Electronic temperature probe –  great for checking the internal temperature of meats but also great for checking the internal temperature of breads (180 degrees and higher is done) and water for proofing yeast.

Manual Food Chopper – I like to use the manual type food chopper when I only have a handful of something to chop.  Again, Pampered Chef has an excellent manual food chopper and you can order replacement pieces if you break one.

Electric Mini Prep – this is an electric type food chopper but smaller than a food processor.  The one I have is a Cuisinart which I used for years as a food processor.  I love that little machine and still use it to make salsa, hummus, or marinated parmesan dip.

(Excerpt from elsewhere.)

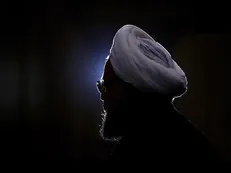 شلختگی‌هایی مانند حراج ارز دولتی نباید تکرار شود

A Selection of Rubber Spatula Scrapers – I like the ones Pampered Chef has to offer because the rubber head is fused to the handle.  If you have ever looked into the head of a different model that has come apart from the handle you would see it is full of mold and other gross stuff.  Just don’t risk your family’s health – get the ones that are fused together (there may be other companies that sell the fused kind, just check before you purchase).


Bread Dough Mixer – This piece of equipment isn’t essential but it sure makes life much easier if you make a lot of bread.  The model I have is from Electrolux but I don’t think they offer it anymore.   Pleasant Hills Grains has a newer model by Haussler that is even better because it is chain driven and is a 9 qt. model available in 1 or 2 speeds as well as a counter and floor model.  This is a commercial machine that is priced so you can afford it in the home.

Chocolate Tempering Machine – Again, not essential but if you have ever tried to temper chocolate manually by hand you will understand why this is nice to have.  I have the ACMC Tabletop machine and love it because it is electronically controlled.  Set the temp you want to heat the chocolate to and it lets you know when it is there and maintains it at that temp until you are ready to lower it.  If you haven’t worked with tempering chocolate before, take a class or get with someone who knows what they are doing because it is definitely a process.